To do this you need to search the movie_info variable -- which is each movie followed by a `<BR>` tag. See our old scraping homeworks for how to get a list of each movie entry--which will contain a string for each movie. Like this:

`1. Zero Dark Thirty (Kathryn Bigelow, 2012)`

Build a loop inside the main loop, that goes to each movie and prints out each movie.


In [None]:
##Take your working loop And add the find_all for each_movie
#And the inner loop that loops through each_movie

Now that you have that loop working, you need to use regular expressions to get out the name of the movie. First practice getting a regular expression that gets you the name of the movie.


In [None]:
#Practice/Build your regular expressions here
movie_sample = "1. Zero Dark Thirty (Kathryn Bigelow, 2012)"
movie_harder = "7. 4 Months, 3 Weeks & 2 Days (Cristian Mungiu, 2007)"
mn_regex = r"\d+. (.+) \("
md_regex = r"\((.+),"
mr_regex = r"\(.+, (\d+)\)"

#what else should you extract???
movie_name = re.findall(mn_regex,movie_harder)
movie_director = re.findall(md_regex,movie_harder)
movie_rel_year = re.findall(mr_regex,movie_sample)
movie_rel_year


**STEP 6**
You're almost there!!! Now that you have working regulars expression put that in your inner loop to get the movie name.

So now the entire loop should be getting critic information and movie information all separated as separate columns/properties.

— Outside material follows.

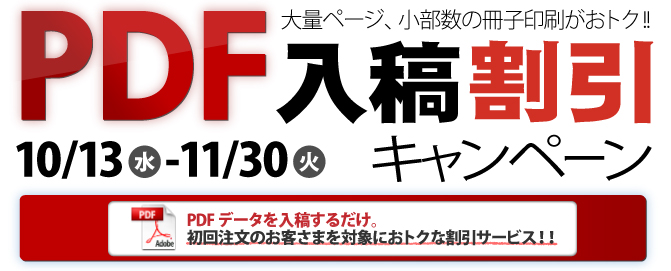 大量ページ、小部数の冊子印刷がおトク!!PDF入稿割引キャンペーン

Build this loop(s) using print() on the first one or two critic selections. Just to make sure you are pulling out the right data.




In [None]:
#Get that loop working here
for x in range(0, len(all_info),2):    
    ####CRITIC 
    if x <= 144:
        critic_name = all_info[x].find('b').text
        name_regex = r"([\w ]+) \–+"
        org_regex = r"\–+ (.+) \(+"
        cn_regex = r"\(+([\w ]+)\)"
        name = re.findall(name_regex, critic_name)
        org = re.findall(org_regex, critic_name)
        cn = re.findall(cn_regex, critic_name)
        print (name,org,cn)
    if x >= 146:
        critic_name = all_info[x-1].find('b').text
        name_regex = r"([\w ]+) \–+"
        org_regex = r"\–+ (.+) \(+"
        cn_regex = r"\(+([\w ]+)\)"
        name = re.findall(name_regex, critic_name)
        org = re.findall(org_regex, critic_name)
        cn = re.findall(cn_regex, critic_name)
        print (name,org,cn)    
    
    ####MOVIES
    if x <= 143:
        first_movies_list = all_info[x+1].find_all('p')
        #print(x,all_info[x+1].find_all('p'))
        for j in first_movies_list:
            first_movie = j.text
            mn_regex = r"\d+. (.+) \("
            md_regex = r"\((.+), "
            mr_regex = r"\(.+,* (\d+)\)"
            first_regex_mn = re.findall (mn_regex, first_movie)
            first_regex_md = re.findall (md_regex, first_movie)
            first_regex_mr = re.findall (mr_regex, first_movie)
            print(first_regex_mn,first_regex_md,first_regex_mr)

    if x == 144:
        #print(x,all_info[x].find_all('p'))
        broken_list = all_info[x].find_all('p')
        for j in range(len(broken_list)):
            if j > 0:
                b_m_names = broken_list[j].text
                mn_regex = r"\d+. (.+) \("
                md_regex = r"\((.+),"
                mr_regex = r"\(.+,* (\d+)\)"
                b_m_regex_mn = re.findall (mn_regex, b_m_names)
                b_m_regex_md = re.findall (md_regex, b_m_names)
                b_m_regex_mr = re.findall (mr_regex, b_m_names)
                print(b_m_regex_mn,b_m_regex_md,b_m_regex_mr)

    elif x >= 145:
        #print (x,all_info[x].find_all('p'))
        second_movies_list = all_info[x].find_all('p')
        for j in second_movies_list:
            second_movie = j.text
            mn_regex = r"\d+. (.+) \("
            md_regex = r"\((.+),"
            mr_regex = r"\(.+,* (\d+)\)"
            second_regex_mn = re.findall (mn_regex, second_movie)
            second_regex_md = re.findall (md_regex, second_movie)
            second_regex_mr = re.findall (mr_regex, second_movie)
            print(second_regex_mn,second_regex_md,second_regex_mr)
    


**STEP 7**
This is the final step of the hardest part! 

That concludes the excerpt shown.